#35 - Rintik Riuh Jogja

12.6K 2K 771
                                        

Tau kan ya aku mau promosi apa 😭😭😭 iya iya yang tuan tuan itu. baca ya 😭











"Masalahnya kita nggak tau goals apa yang dipengenin pengurus PEFT di projek ini," cetus Lukas sambil mengusak rambutnya.

Mark menggeleng. "Gue rasa ini udah bukan tentang pengurus dan isinya deh, lebih ke PEFT-nya itu sendiri. Maksudnya, kita ke sini buat screening dan diskusi bareng anak Barasukma."

"Gue paham maksud lo," sahut Winwin yang sedari tadi mencatat hal-hal di dalam diskusi tersebut. "Ini bukan buat mereka, tapi lebih ke kontribusi kita untuk ngangkat nama PEFT."

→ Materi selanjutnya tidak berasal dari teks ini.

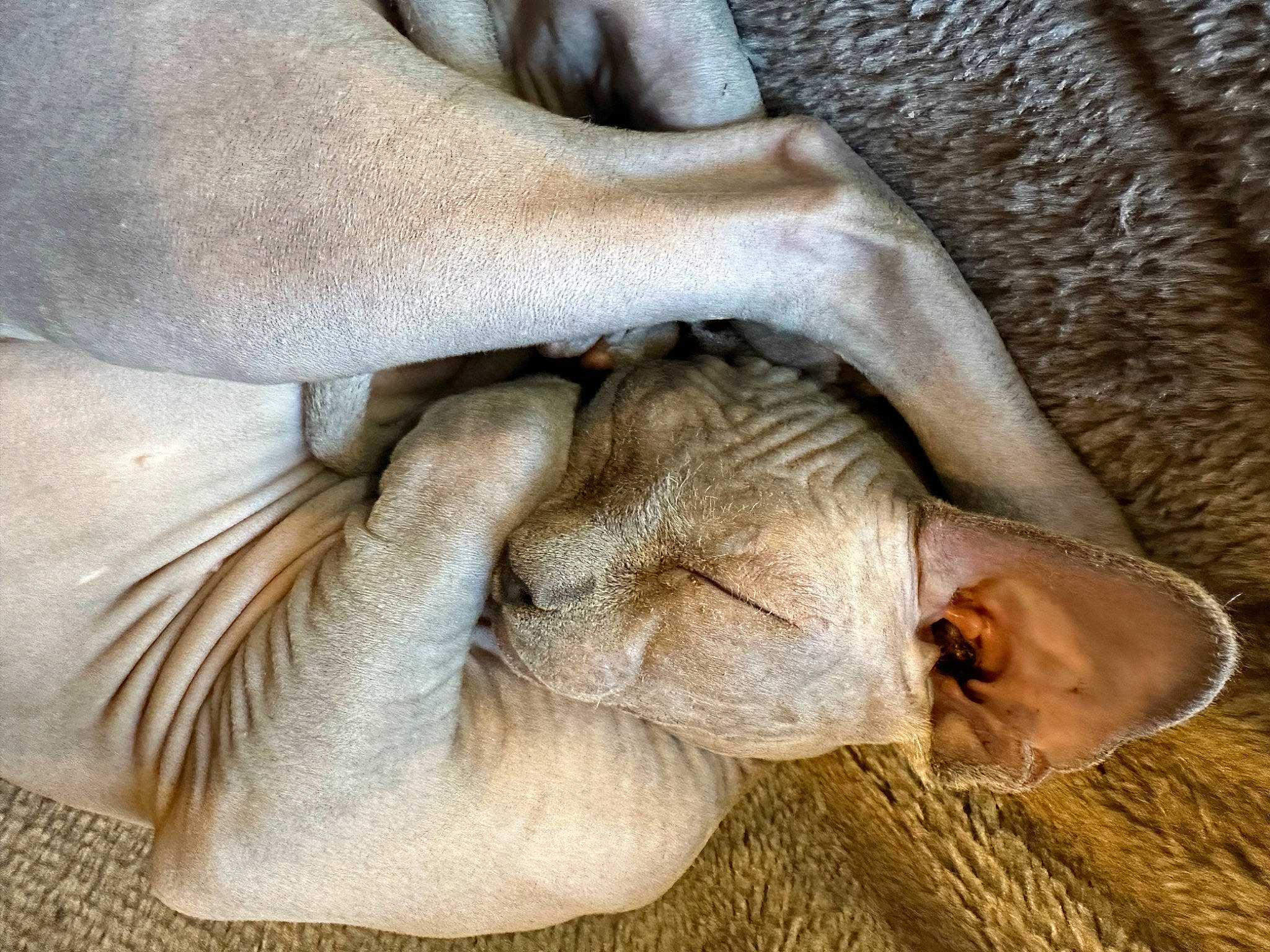Edgar joined the competition — help win amazing prizes! claw, close_up, comfort, dog, dog_breed, fawn, foot, fur, gesture, human_leg, liver, nail, natural_material, paw, snout, sporting_group, terrestrial_animal, wood, working_animal, wrinkle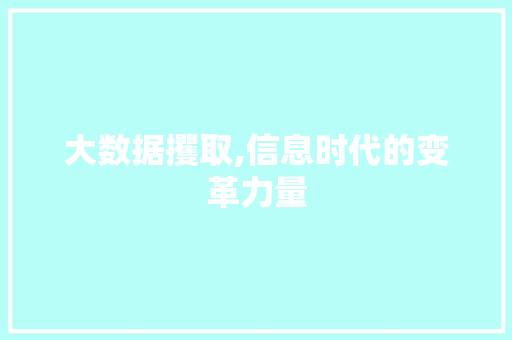 大数据攫取,信息时代的变革力量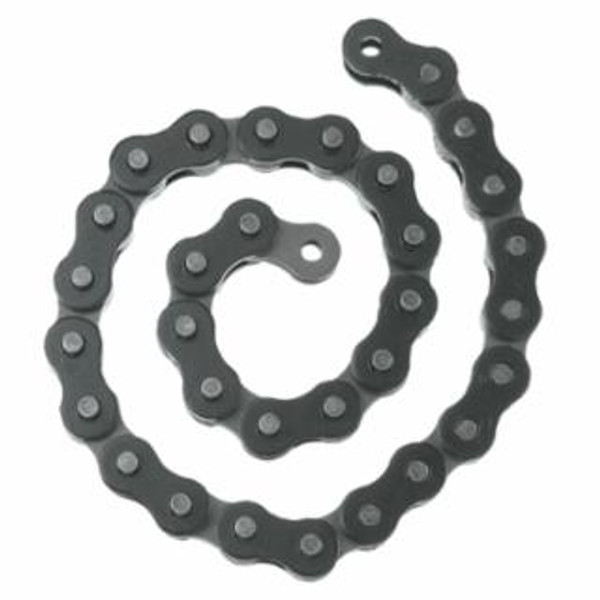 RIDGID E2484 BC210 CHAIN SCR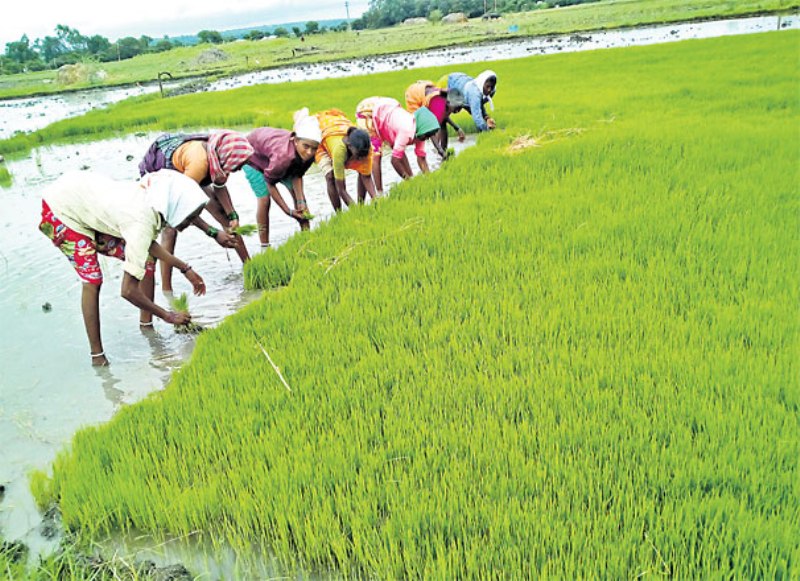 Paddy Variety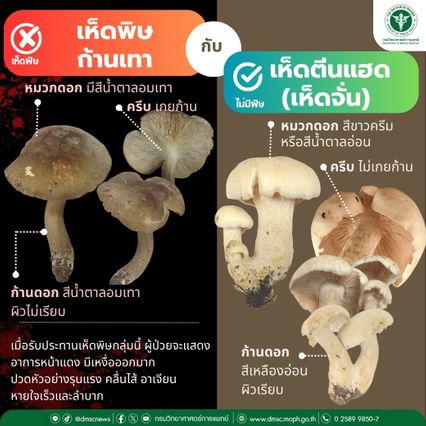 ฤดูฝนเพิ่งเริ่มต้น ชัยภูมิกินเห็ดพิษป่วยแล้ว 4 คน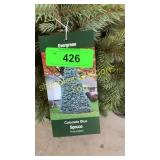 Colorado Blue Spruce 3 gal pot (QTY X 5)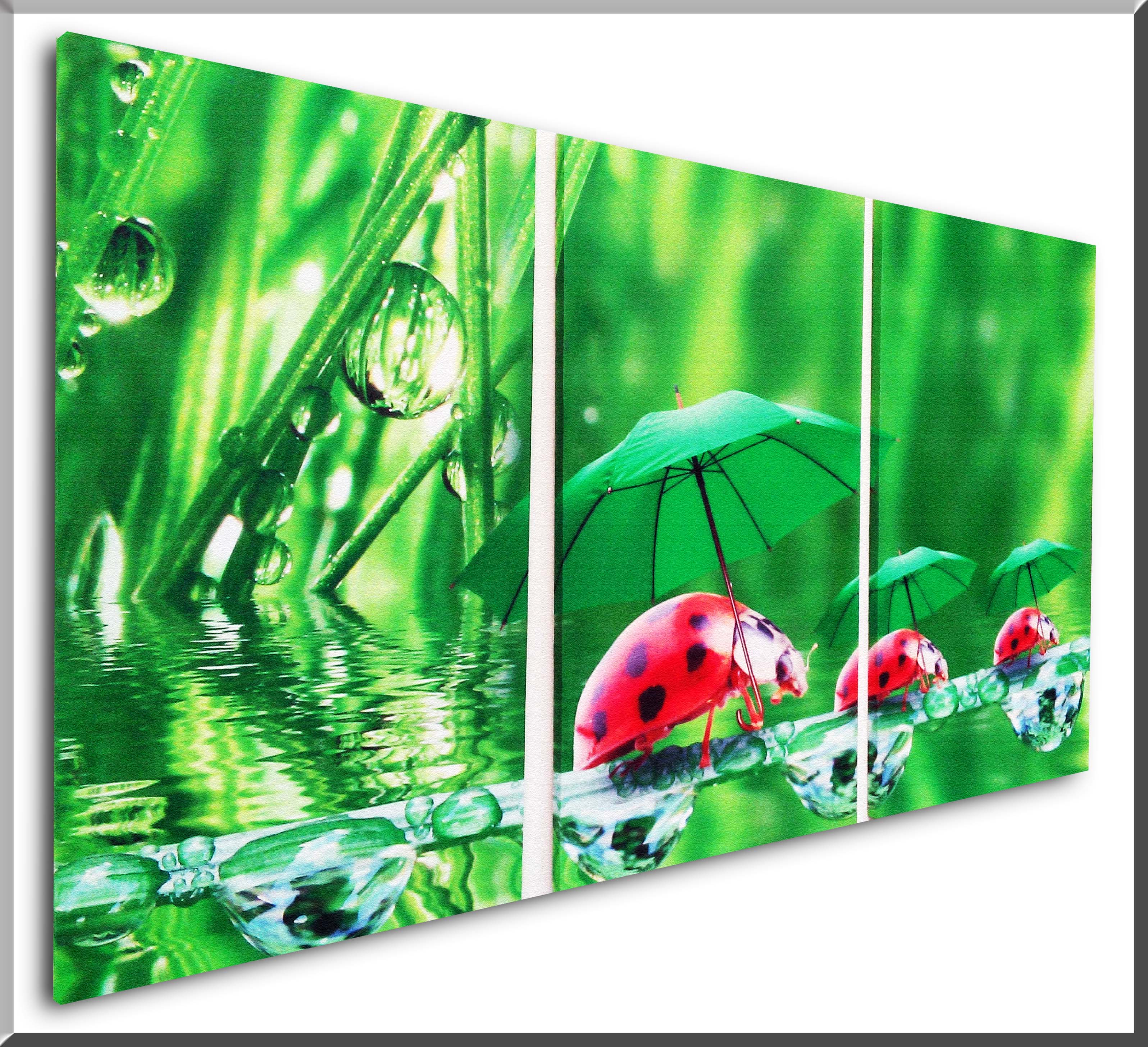 SIZE;M 3SET,NATURAL-3 สั่งทำวอลเปเปอร์ รูปภาพติดผนัง มีภาพให้เลือกกว่า 50,000 ภาพ ออกแบบกราฟฟิค หรือ รูปภาพตามที่ท่านกำหนด ในสไตล์ท่านเอง "custom made"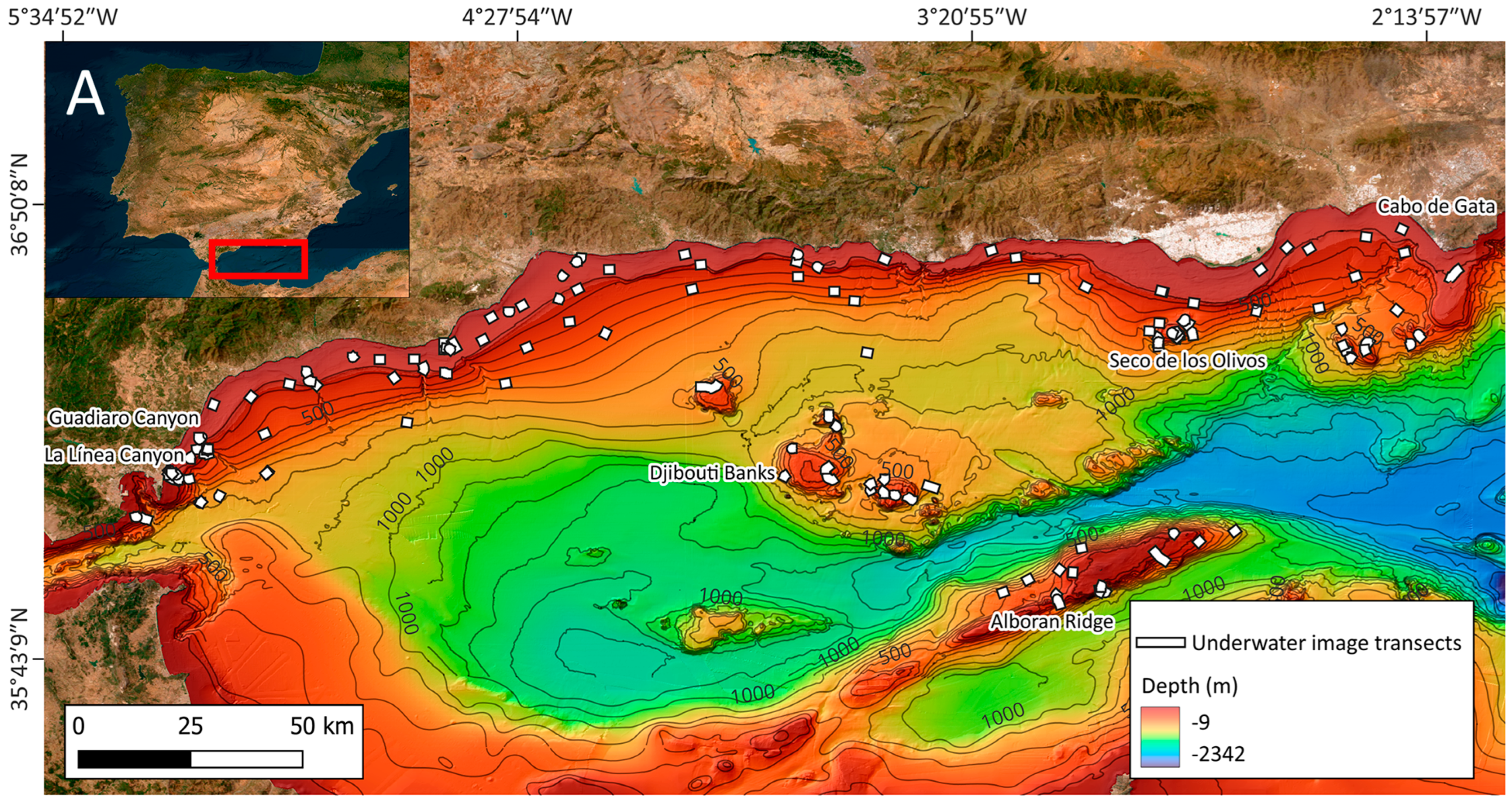 Diversity 17 00758 g001a Diversity 17 00758 g001a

Doyoung manggut-manggut, mencoba mengolah sesuatu di dalam otaknya sebelum akhirnya ia berujar, "Gue tiba-tiba keinget lagunya Ardhito yang 925."

Semua langsung menatap Doyoung.

Sejenak Doyoung terdiam. "Y-ya maksud gue... tentang sebuah pekerjaan yang monoton, masuk jam sembilan pulang jam lima."

Mark mengeluarkan buku catatan kecil yang selalu ia simpan di saku jaketnya. Ia lalu memandang Doyoung serius. "Kepikiran premisnya nggak?"

"Premis ya..." Doyoung berpikir sejenak. "Seorang pria yang sudah lelah dengan pekerjaannya tapi masih ada seseorang yang butuh dia."

"Butuh secara finansial?"

Doyoung mengangguk. "Tapi bisa juga kayak orang yang menikmati waktu kerja dia sampe lupa kalo ada yang nungguin waktu luang dia."

"Gue suka tuh yang kedua," sahut Jungwoo sambil duduk di bangku bus sebelah Adis. "Gimana kalo kayak orang yang udah terbiasa sama kemonotonan hidup dia trus seseorang bawa dia liat warna baru dan dunia baru gitu."

"Nah itu bagus," angguk Winwin menyetujui usulan Jungwoo. "Cuma, orangnya ini bener-bener orang yang dia baru kenal atau emang orang yang nungguin dia gitu? Pacar, misalnya?"

"Tergantung esensi yang mau kita tunjukin sih," balas Mark yang masih menyatat poin-poin diskusi ini. "Bisa aja kan pacar si yang kerja ini ngerasa pacarnya emang butuh hal baru biar nggak mulu monoton, tapi bisa juga karakter utama sendiri yang realize dia terlalu monoton dan dalam pencarian warna barunya, dia nemu orang baru."

Lukas mengangguk kecil. "Gue udah kebayang sih kita bakal ngambil montage pas dia kerja. Eh, bentar, ini pemerannya cewek apa cowok?"

"Ya kalo berdasarkan lagunya sih cowok." Mark melingkari poin penting dalam catatannya. "Gue bisa handle plot bareng penas. Tapi jangan lupa soal lokasi."

"Ya udah, sutradara Mark. Penas Adis lagi?" tanya Jungwoo.

Adis mengangguk. "Boleh."

"Kantor mah bisa set di tempat kita tidur nanti," ujar Echan yang tengah mengotak-atik kameranya. "Ini permasalahannya kita mau realistis apa idealis aja nih? Pemerannya gimana? Trus izin lokasi gimana?"

"Pemeran bisa dua orang dari kita aja," timpal Adis. "Naskah bisa gue ketik sekarang plus dialognya asal karakter sama motif tiap adegannya jelas aja. Entar cari aja lokasi yang bisa fit ke naskah."

Echan melirik Adis. "Boleh idealis, tapi sadar sikon lah, Dis."

Kening Adis mengerut. "Maksudnya?"

"Ya kita nggak bisa buang-buang waktu buat nyesuain lokasi sama naskah dong."

"Lo mau ngambil apa kalo nggak ada naskahnya?"

"Naskah dadakan aja lah atur-atur di lokasi, mending elo urusin surat izin lokasi aja."

"Ya nggak bisa gitu dong, Chan." Seketika nada bicara Adis agak naik. "Naskah tuh landasan semuanya. Nggak mungkin juga kita ngawang-ngawang ngerjain kan, asal ambil gambar sama dialog?"